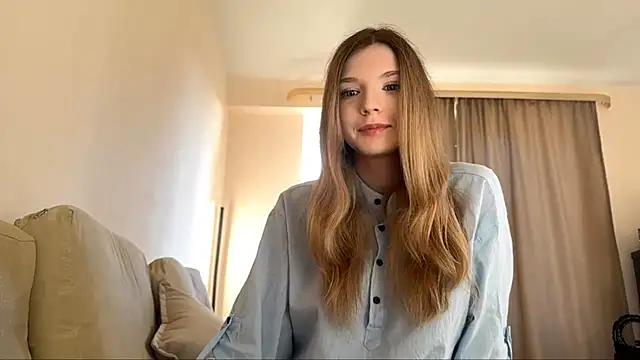 FruityXo online show from November 2, 11:48 am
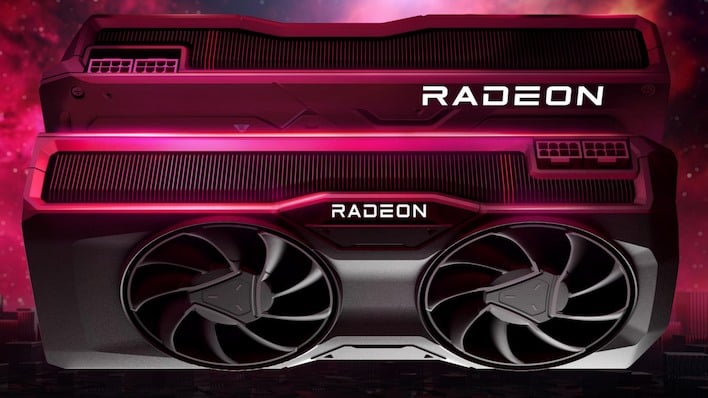 hero amd radeon cards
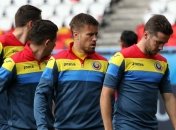 Румыния - Швейцария: где смотреть онлайн-трансляцию 15 июня на Евро-2016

--

Copy out all of the material exactly as written, without its pictures.

 FruityXo online show from November 2, 11:48 am
 hero amd radeon cards
 Румыния - Швейцария: где смотреть онлайн-трансляцию 15 июня на Евро-2016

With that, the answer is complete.